Copy nothing from the entries below except the lines from the one containing "Used Buick GL8" through the one containing "Au Royaume-Uni, les", and copy those exactly.

- Supplied material -
***
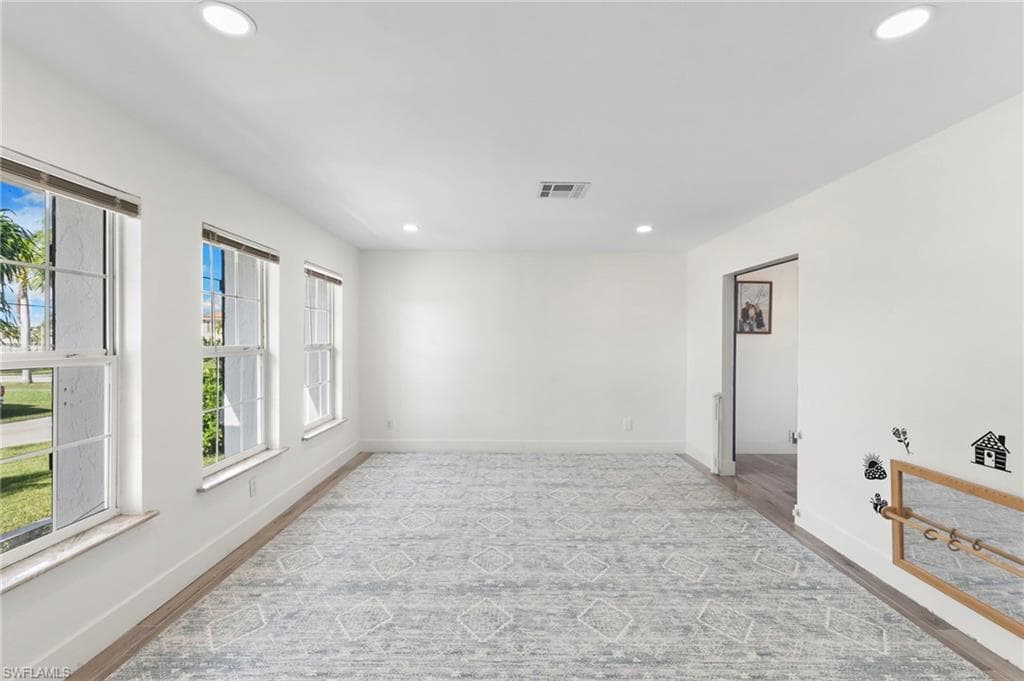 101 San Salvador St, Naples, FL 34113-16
***
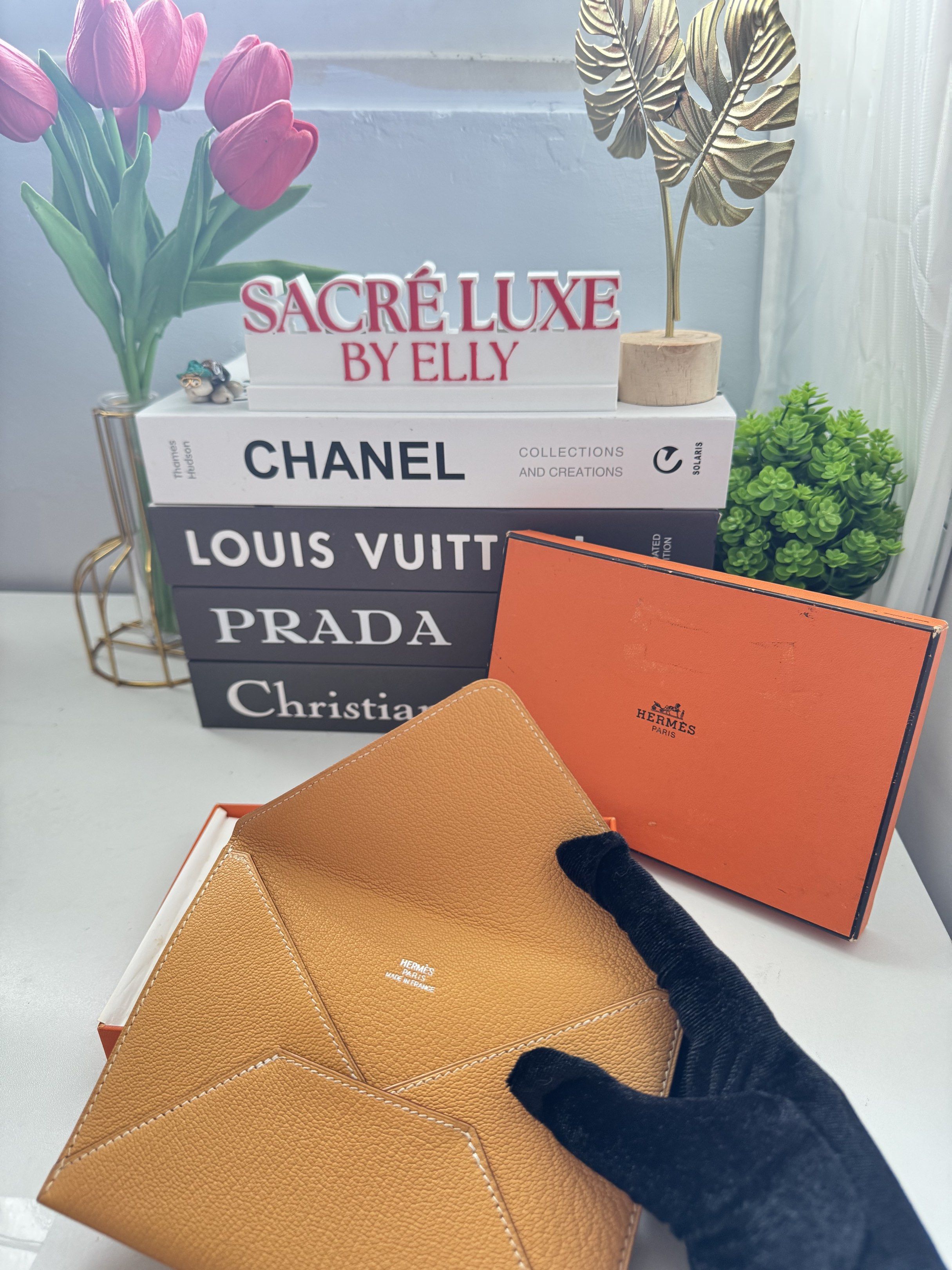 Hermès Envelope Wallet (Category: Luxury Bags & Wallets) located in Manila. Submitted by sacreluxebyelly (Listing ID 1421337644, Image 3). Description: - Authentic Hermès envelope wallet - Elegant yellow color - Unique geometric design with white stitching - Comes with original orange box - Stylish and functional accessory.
***
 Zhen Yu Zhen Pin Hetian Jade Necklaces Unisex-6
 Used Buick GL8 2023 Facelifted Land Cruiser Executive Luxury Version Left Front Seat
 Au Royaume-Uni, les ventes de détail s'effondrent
***
- Exercise result -
 Used Buick GL8 2023 Facelifted Land Cruiser Executive Luxury Version Left Front Seat
 Au Royaume-Uni, les ventes de détail s'effondrent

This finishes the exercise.